Proving that a subgroup is normal if two equivalence relations on $A$ coincide

Here is the setup for the proposition I am trying to prove.

Let $A$ be a group and $A' \subset A$ a subgroup. We define the left relation $\sim^{l}$ on $A$ with respect to $A'$ by declaring that $a_1 \sim^{l} a_2$ if and only if there exists $a' \in A'$ such that $a_2 = a' a_1$. We define the right relation $\sim^{r}$ on $A$ wth respect to $A'$ by declaring that $a_1 \sim^{r} a_2$ if and only if there exists $a' \in A'$ such that $a_1 = a_2 a'$.
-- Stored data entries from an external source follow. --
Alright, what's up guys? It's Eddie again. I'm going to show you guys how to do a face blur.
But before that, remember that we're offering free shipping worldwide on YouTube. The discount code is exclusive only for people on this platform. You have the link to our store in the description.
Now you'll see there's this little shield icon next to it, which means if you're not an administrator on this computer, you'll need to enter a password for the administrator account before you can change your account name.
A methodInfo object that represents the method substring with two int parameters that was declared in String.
I did the verification that $\sim^{l}$ and $\sim^{r}$ are equivalence relations and was able to prove that if $A'$ is normal in $A$, then $\sim^{l}$ and $\sim^{r}$ coincide. Now I'm trying to prove the converse, namely that if $\sim^{l}$ and $\sim^{r}$ coincide, then $A'$ is normal.
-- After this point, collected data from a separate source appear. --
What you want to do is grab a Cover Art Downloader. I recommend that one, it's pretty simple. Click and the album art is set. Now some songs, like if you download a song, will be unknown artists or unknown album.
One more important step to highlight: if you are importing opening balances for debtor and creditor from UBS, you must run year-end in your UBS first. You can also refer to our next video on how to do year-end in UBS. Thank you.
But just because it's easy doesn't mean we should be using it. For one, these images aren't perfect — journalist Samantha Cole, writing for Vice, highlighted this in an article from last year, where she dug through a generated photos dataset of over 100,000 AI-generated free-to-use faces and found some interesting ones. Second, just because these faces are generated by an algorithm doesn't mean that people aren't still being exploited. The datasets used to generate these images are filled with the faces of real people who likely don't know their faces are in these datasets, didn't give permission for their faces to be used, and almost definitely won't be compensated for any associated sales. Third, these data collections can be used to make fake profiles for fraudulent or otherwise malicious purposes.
The definition of normal I'm working with is:

A subgroup $A' \subset A$ is normal if for any $a \in A$ and $a' \in A'$, $aa' a^{-1} \in A'$.

I'm very unsure on how to proceed. I know that need to prove that given any $a \in A$ and $a' \in A'$, the element $a a' a^{-1}$ lives in $A'$. $A$ and $A'$ are groups, so I can fix $a \in A$ and $a' \in A$. I can't form a relation amongst them because I don't know walking into the problem that these are actually related under $\sim^{l}$ or $\sim^{r}$, though I know I need to use the hypothesis in some way.
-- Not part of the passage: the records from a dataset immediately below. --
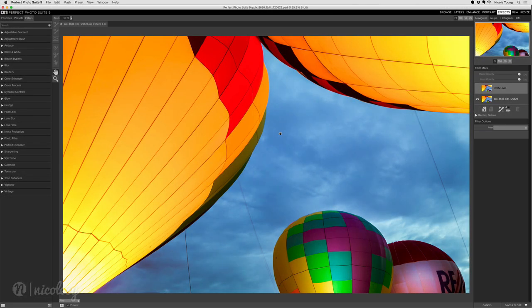In order to get the most out of this training, you are going to want to have PerfectFX 9 installed on your computer.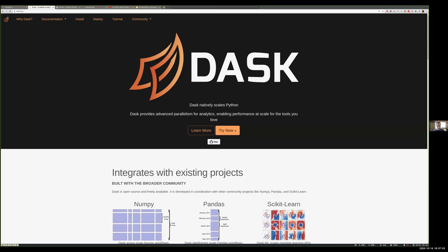My name is Matt. I'm an open source software developer in the Python community, especially on the data science and machine learning side. I work with libraries like NumPy, Pandas, SciPy, and Jupyter. Mostly my job for the last five or six years has been to figure out how to take that ecosystem of libraries and scale them out so they can work on many cores, larger memory, or on distributed clusters of machines.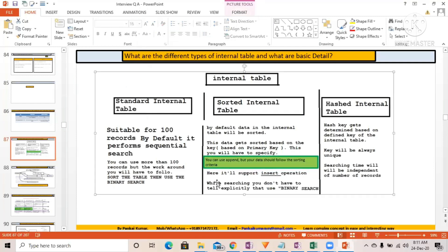The sorted internal table supports both INSERT and APPEND operations. While searching, you don't have to explicitly tell it to use binary search — it will implicitly use binary search. So if you use the READ TABLE statement on a sorted internal table, it will always use binary search automatically.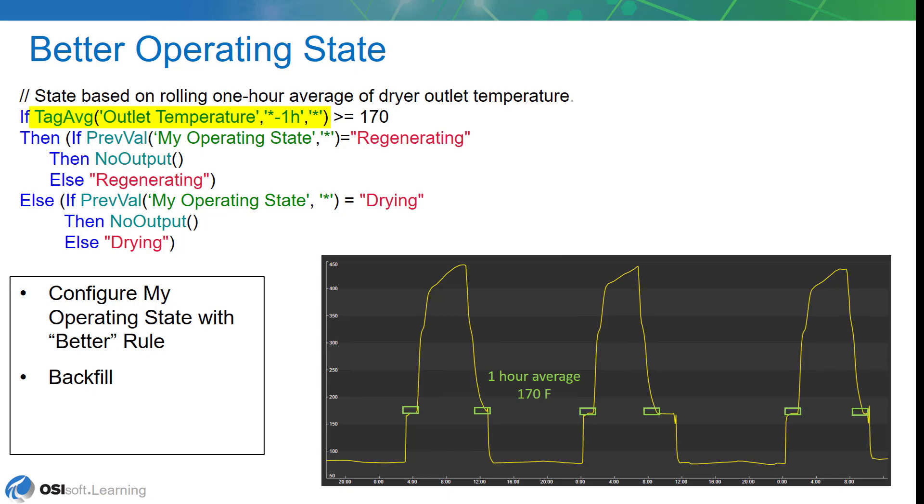The rest of it's the same. That should dampen it out and give us a better result. Once we have that configured, we're going to backfill this data into the attribute or the tag associated with dryer A. We're putting the data into a PI point because we have a little bit more confidence that we're going to be right. Then we'll use PI Vision to build a trend to take a look at the results.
I also tried to reverse the proof that if $A'$ is normal in $A$, then $\sim^{l}$ and $\sim^{r}$ coincide, but without any success.

I'd greatly appreciate some hints on how to proceed. I'll update this post as I work on this problem further.

Solution 1:

Hint: Let $x\in A'$ and $a\in A$. We want to show $axa^{-1}\in A'$.

Note that $a\sim^r ax$, hence $a\sim^{l}ax$, and therefore (since it is an equivalence relation), $ax\sim^l a$. Thus, there exists $y\in A'$ such that $ya=ax$.

Solution 2:

Yes, you need to prove that $aa'a^{-1}\in A'$ if $a'\in A'$. Note that $a\sim^r aa'$. Since $\sim^r=\sim^l$, $a\sim^l aa'$. So $aa'=a''a$ with $a''\in A'$. Then $aa'a^{-1}=a''aa^{-1}=a''\in A'$ as desired.